═══ Input data

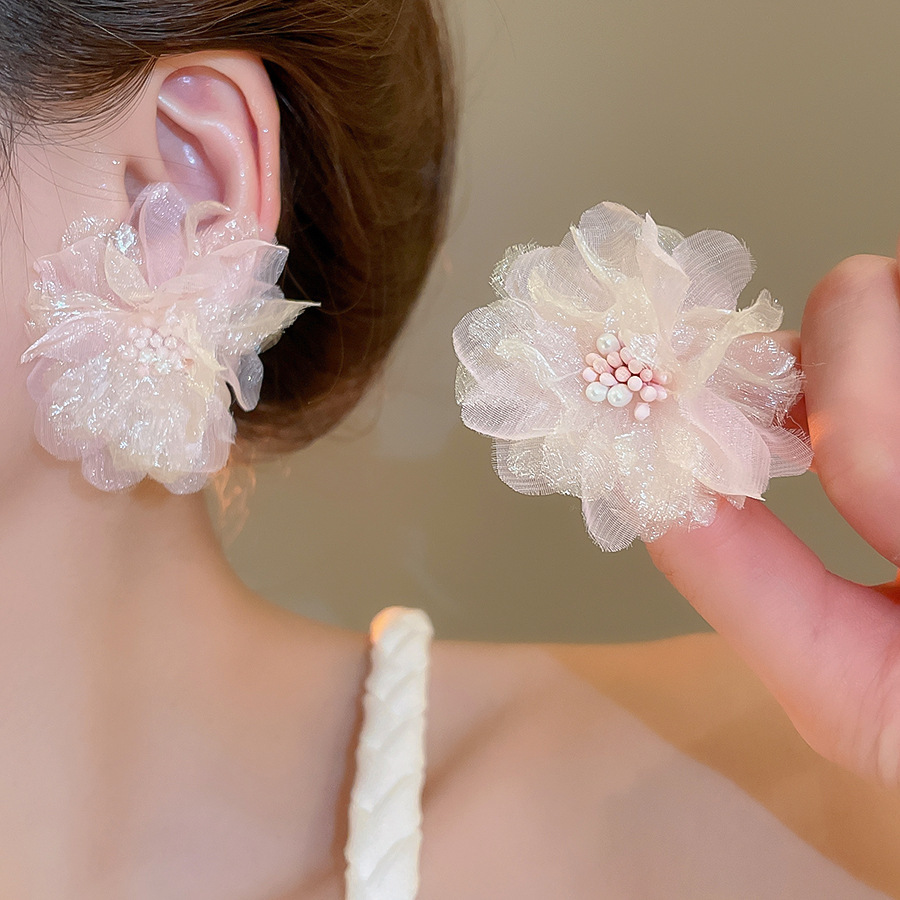 Pendientes de malla de pétalo de dopamina Pendientes de estilo de vacaciones junto al mar de estilo nuevo estilo caliente Pendientes de temperamento exagerado de todo fósforo al por mayor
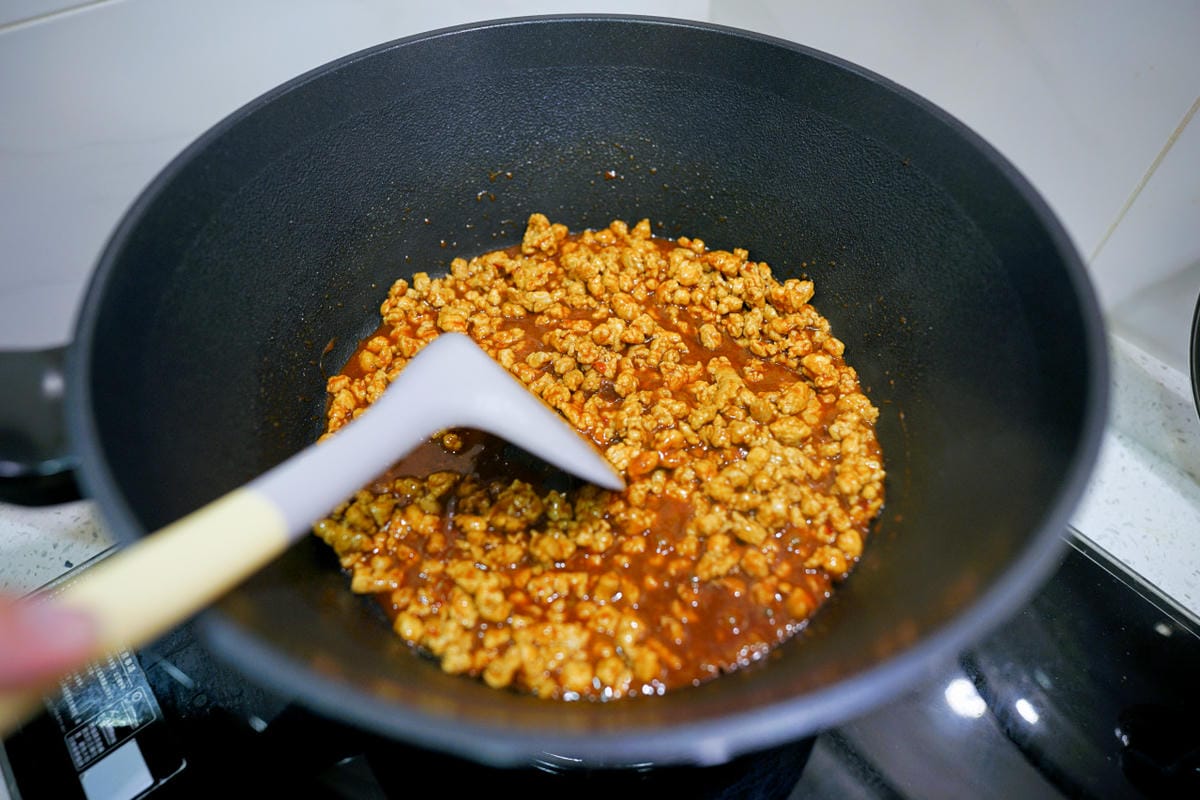 全聯小磨坊麻婆醬推薦! 懶人零失敗料理食譜 麻婆烘蛋.麻婆肉燥飯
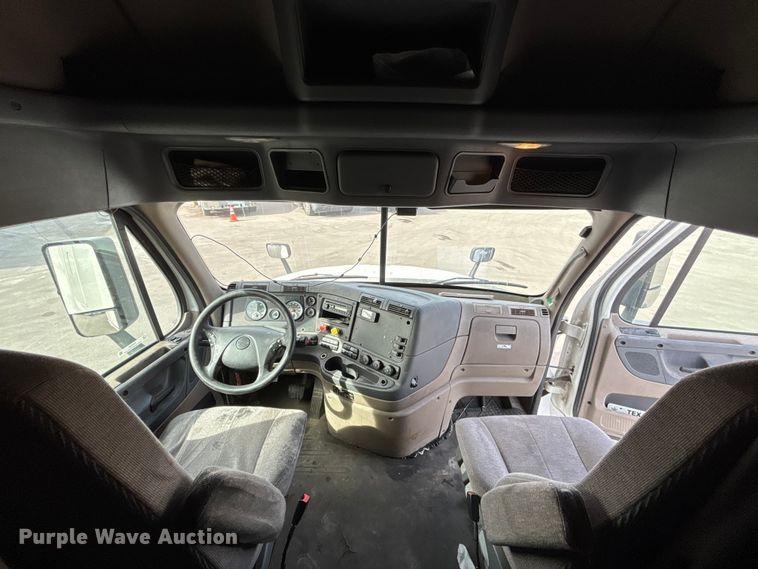 image for item FB3509 2017 Freightliner Cascadia semi truck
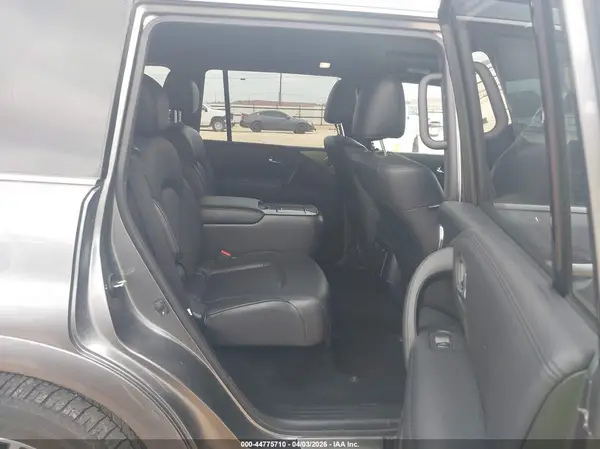 JN8AY2BA9R9418438 2024 NISSAN ARMADA - Image 8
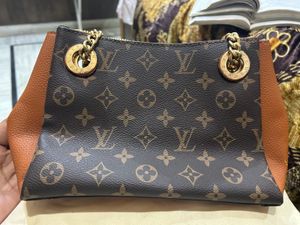 Huge Discount- LV LouisVuitton- Bag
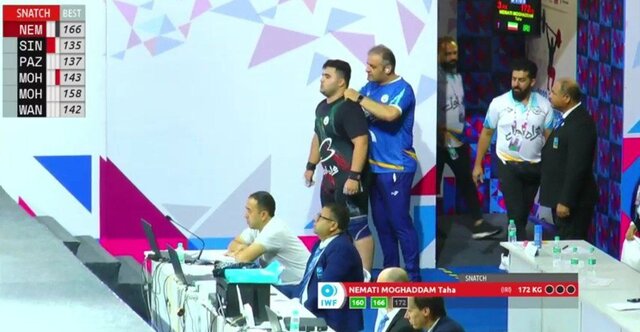 پسران وزنهبردار طلاها را درو کردند/ رییس و نایبرییس در نقش مربی!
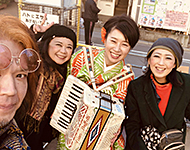 ���l�@�����V�t���y���݃R���T�[�g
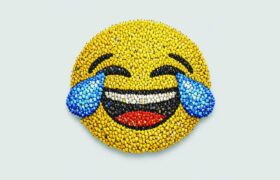 خندیدن در روزهای بمباران!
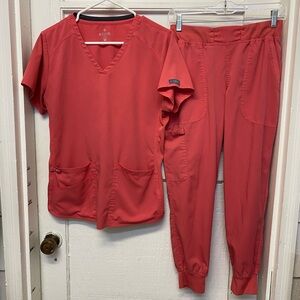 Medcoture scrubs set women’s Medium Top , small petite joggers pant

══════

### [Exercise description]
Return only the lines from the start of the data through the line that contains "خندیدن در روزهای بمباران!", please, copying them exactly and omitting all pictures.

### [Result of the task]
 Pendientes de malla de pétalo de dopamina Pendientes de estilo de vacaciones junto al mar de estilo nuevo estilo caliente Pendientes de temperamento exagerado de todo fósforo al por mayor
 全聯小磨坊麻婆醬推薦! 懶人零失敗料理食譜 麻婆烘蛋.麻婆肉燥飯
 image for item FB3509 2017 Freightliner Cascadia semi truck
 JN8AY2BA9R9418438 2024 NISSAN ARMADA - Image 8
 Huge Discount- LV LouisVuitton- Bag
 پسران وزنهبردار طلاها را درو کردند/ رییس و نایبرییس در نقش مربی!
 ���l�@�����V�t���y���݃R���T�[�g
 خندیدن در روزهای بمباران!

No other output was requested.